Island Adventure: How One Teacher Found Connection With the Planet & Her Classroom
by Jessica Anderson
“We looked for harmful algal blooms – and we learned about how this is happening because of people and climate change. Fish eat these algae. Sea lions eat the fish. Scientists are seeing how harmful algae is affecting neurochemicals of the sea lions’ brains – and that was a memorable lesson for me,” says Clara Herrera, a fifth-grade teacher at Clayton Elementary School in Austin, Texas.
Herrera is excited and descriptive when she talks about her recent five-day research expedition as a JASON Learning Teacher Argonaut. Herrera was selected as an Argonaut and in September, she joined a group of students, educators and scientists from around the United States in a weeklong trip on Catalina Island – one of the eight Channel Islands off Southern California.
Since 1989, the JASON Argonaut program has provided hands-on, scientific field work to more than 1,000 students and educators worldwide, many of whom have gone on to pursue degrees and careers in science. Each year, JASON’s Argonaut program sends selected students and educators on one of several expedition opportunities to work directly with the world’s leading scientists and engineers. Past Argonauts have studied the rainforests in Peru, volcanoes in Hawaii, ecosystems in Florida, and much more.
Herrera and her students are now looking at water in a whole new way. They are studying it – and even recycling their unused, clean water after their science experiments into a homemade sifting bucket and pouring it into the earth to feed the Edwards Aquifer that surrounds their school.
Herrera’s students are true water conservationists – and Herrera is an impressive citizen scientist, equipped with real-world experience to teach her students these sustainability skills after her Argonaut experience.
Dell and JASON work together as part of Dell’s Youth Learning program. The partnership has provided free access to JASON’s STEM (science, technology, engineering, and mathematics) learning materials to students of the Greater Austin Area’s public schools – including digital labs, content and activities, to utilize in the classroom and on their own. Dell’s support also included the sponsorship of two Austin area Argonauts to enter this year’s Argonaut program.
Herrera was selected for one of these spots after submitting a personal essay, reference letters and a personal video profile as part of the application process. An enthusiasm for science is key in the selection process as well.
Herrera says she has always loved science. She credits her Argonaut experience for strengthening her appreciation for water.
“I was always conserving water, but I’ve come back from this trip in a whole new way,” she says. “My mind has been spinning on how important water is – globally and where we live. I’m talking to my students about what I’ve learned – like how ocean plant life produces more than half the world’s oxygen!”

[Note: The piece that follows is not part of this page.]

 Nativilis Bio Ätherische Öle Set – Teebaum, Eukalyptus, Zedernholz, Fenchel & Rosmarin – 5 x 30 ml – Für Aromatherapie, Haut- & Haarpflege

The strong connection between people and the planet was a focus of Herrera’s Argonaut journey. This year’s Argonauts helped on a project named “Conserving Marine Life Along Catalina’s Coast,” in partnership with Earthwatch and hosted at the Wrigley Marine Science Center on Catalina Island.

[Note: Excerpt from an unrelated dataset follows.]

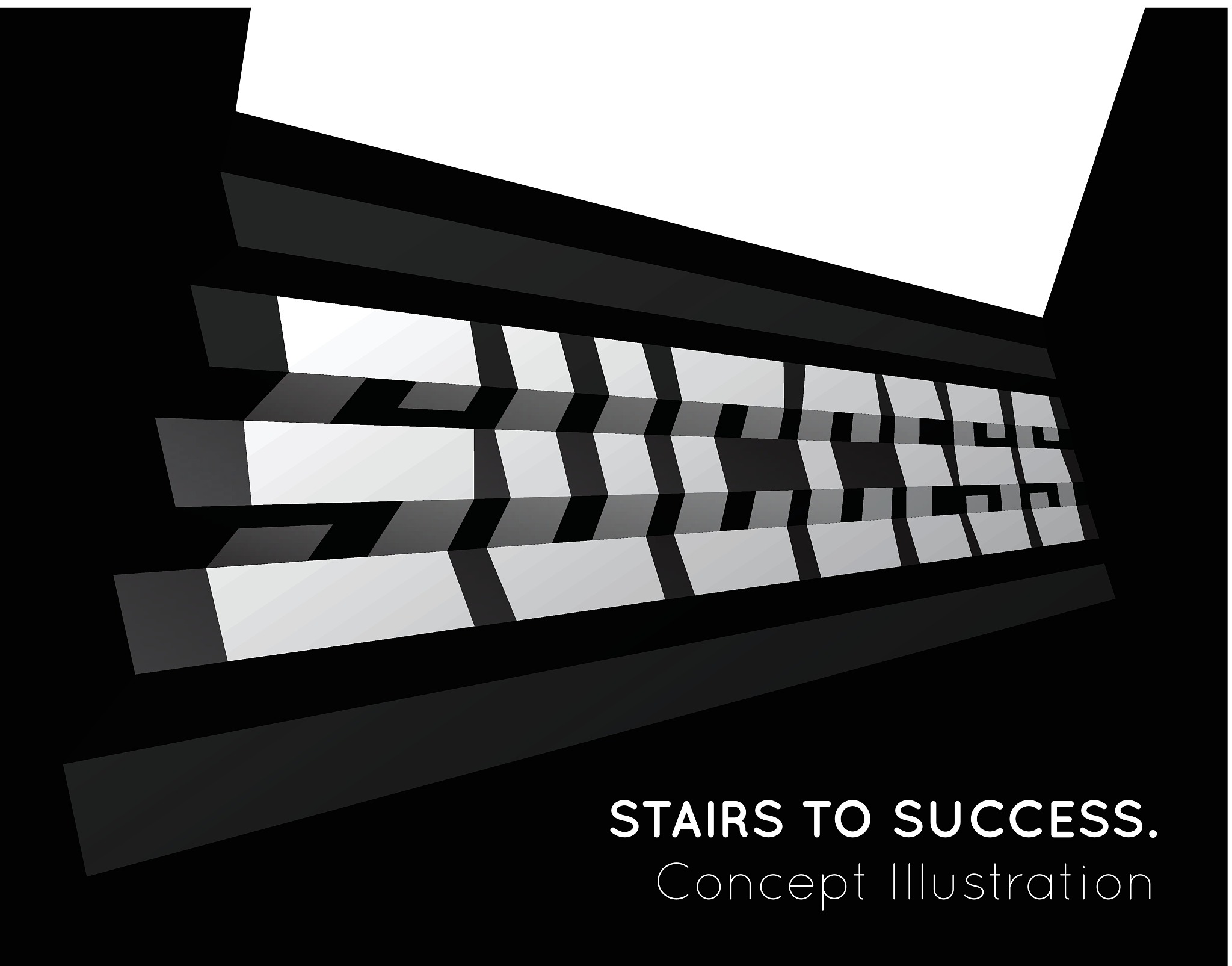 te word success on the stairs.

Catalina Island features stunning coastal scenery and nine Marine Protected Areas (MPAs) – which function by setting boundaries that exclude extractive activities from occurring in special marine places, much like nature reserves on land. By doing so, they protect more than just one or two species, but all the important organisms and linkages within those ecosystems.
“We counted animal life and recorded our data into the online system. This was added to a global data bank and seeing that was remarkable,” Herrera says.

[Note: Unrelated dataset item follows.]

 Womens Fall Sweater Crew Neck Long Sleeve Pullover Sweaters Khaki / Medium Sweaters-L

By documenting the daily activities and conditions of Catalina’s MPAs, Herrera and her fellow scientists helped gather critical information as part of a larger study on the influence of climate change on MPAs. The work by Herrera and her co-Argonauts will help scientists tell the story of the critical role that MPA’s play in coastal conservation and the health of our coasts amidst a changing planet. They hope their work will inspire policies to help safeguard our coastlines.
Back at home in Texas, water conservation is a hot topic for Herrera and her community as drought conditions worsen, and new water sources are scarce as the population grows.
Herrera believes hands-on learning prepares students for the real-world – and helps them understand the reality and urgency behind environmental challenges. She is grateful for how her three sons – ages 20, 17, and 14 – support her appetite for adventure and her passion for the environment.
“I’m trying to show my children and my students what you can achieve on your own,” she says.
Herrera recently completed a fellowship to study at the Monterey Bay Aquarium Coastal Systems Teacher Institute, and she climbed Mount Kilimanjaro after helping raise money and awareness for the need for clean water wells in Africa through the Austin-based charity Water to Thrive.
All Argonauts are encouraged to be peer role models for their students and teachers back home.
“There’s this pervasive belief that the only people allowed to ‘do science’ are the academic elite, and only after decades of study and degrees. Our Student and Teacher Argonauts show that everyone can contribute to the scientific process, and that it can be fun, engaging, and inspiring,” says Patrick Shea, executive vice president of JASON Learning.
Herrera will share her Argonaut experience with her students and their parents by inviting them to hear more about her trip and by building their own quadrats for her classroom. These are made of PVC piping and used to study a specific area out in the field. Once placed on the school grounds, students can monitor the racks and study environmental changes over time.
“Teaching is hard work and it helps in the payoff when you can consider the joy of teaching. I encourage other teachers to try for these opportunities and get out and experience things to avoid the burnout,” she says. “It means a lot to feel that you can teach something because you actually experienced it. I can say to my students, When I was with scientists I saw this! That is exciting to kids. This experience has helped me to recharge.”